Re: index prefetching - Mailing list pgsql-hackers

From Andres Freund
Subject Re: index prefetching
Date
Msg-id 5pltwb73d7cynsxo2yb54ygjk7haviatkrx43mnzihc6kkield@ahnstpgof46i
Whole thread Raw
In response to Re: index prefetching  (Tomas Vondra <tomas@vondra.me>)
Responses Re: index prefetching
Re: index prefetching
List pgsql-hackers
Hi,

On 2025-08-28 19:08:40 +0200, Tomas Vondra wrote:
> On 8/28/25 18:16, Andres Freund wrote:
> >> So I think the IPC overhead with "worker" can be quite significant,
> >> especially for cases with distance=1. I don't think it's a major issue
> >> for PG18, because seq/bitmap scans are unlikely to collapse the distance
> >> like this. And with larger distances the cost amortizes. It's much
> >> bigger issue for the index prefetching, it seems.
> > 
> > I couldn't keep up with all the discussion, but is there actually valid I/O
> > bound cases (i.e. not ones were we erroneously keep the distance short) where
> > index scans end can't have a higher distance?
> > 
> 
> I don't know, really.
> 
> Is the presented exaple really a case of an "erroneously short
> distance"?

I think the query isn't actually measuring something particularly useful in
the general case. You're benchmarking something were the results are never
looked at - which means the time between two index fetches is unrealistically
short. That means any tiny latency increase matters a lot more than with
realistic queries.

And this is, IIUC, on a local SSD. I'd bet that on cloud latencies AIO would
still be a huge win.


> From the 2x regression (compared to master) it might seem like that, but
> even with the increased distance it's still slower than master (by 25%). So
> maybe the "error" is to use AIO in these cases, instead of just switching to
> I/O done by the backend.

If it's slower at a higher distance, we're missing something.

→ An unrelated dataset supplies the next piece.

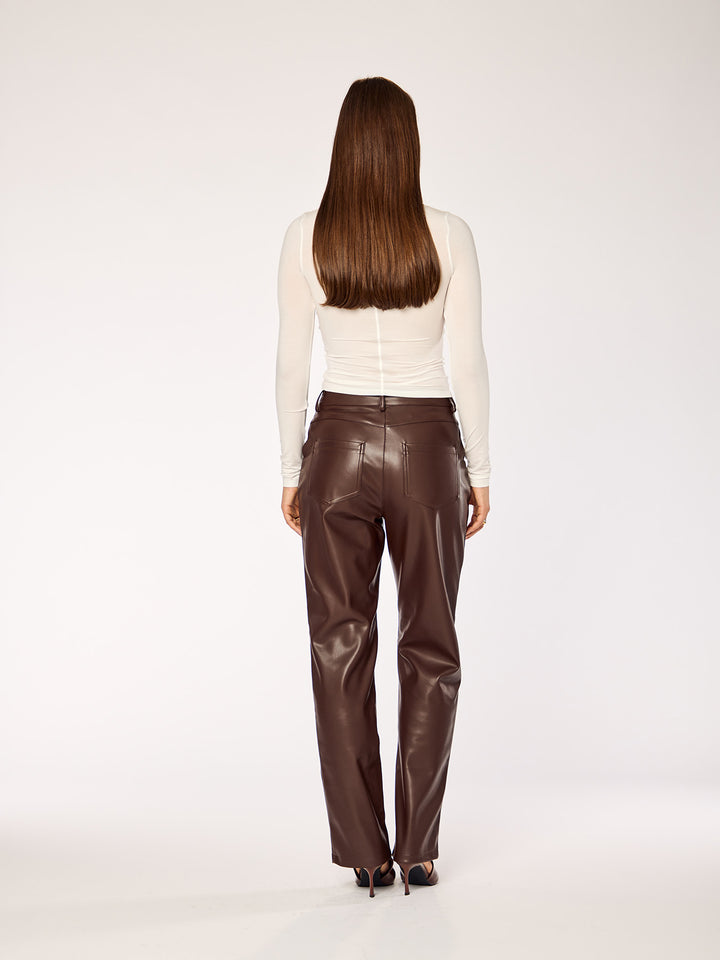 ORA - PU Leather Pants • Dark Oak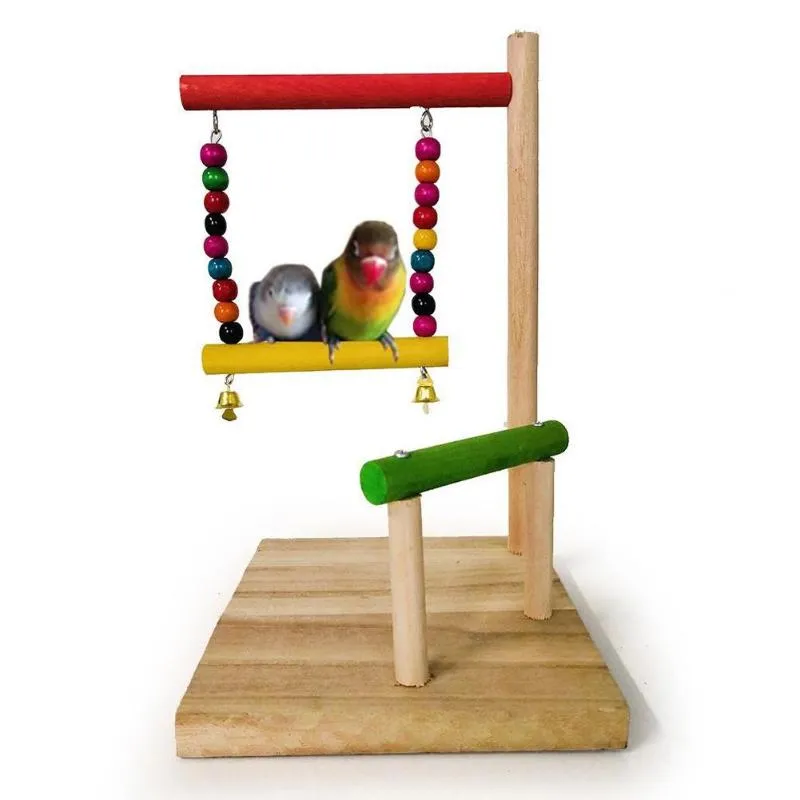 Andra fågeln levererar färgglada trä papegoja hängande swing bell leksak abborre stativ bar pärlor husdjur bur dekor fåglar spelar plattform för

> It may be a bit worse for non-btree indexes, e.g. for for ordered scans
> on gist indexes (getting the next tuple may require reading many leaf
> pages, so maybe we can't look too far ahead?). Or for indexes with
> naturally "fat" tuples, which limits how many tuples we see ahead.

I am not worried at all about those cases. If you have to read a lot of index
leaf pages to get a heap fetch, a distance of even just 2 will be fine,
because the IPC overhead is a neglegible cost compared to the index
processing. Similarly, if you have to do very deep index traversals due to
wide index tuples, there's going to be more time between two table fetches.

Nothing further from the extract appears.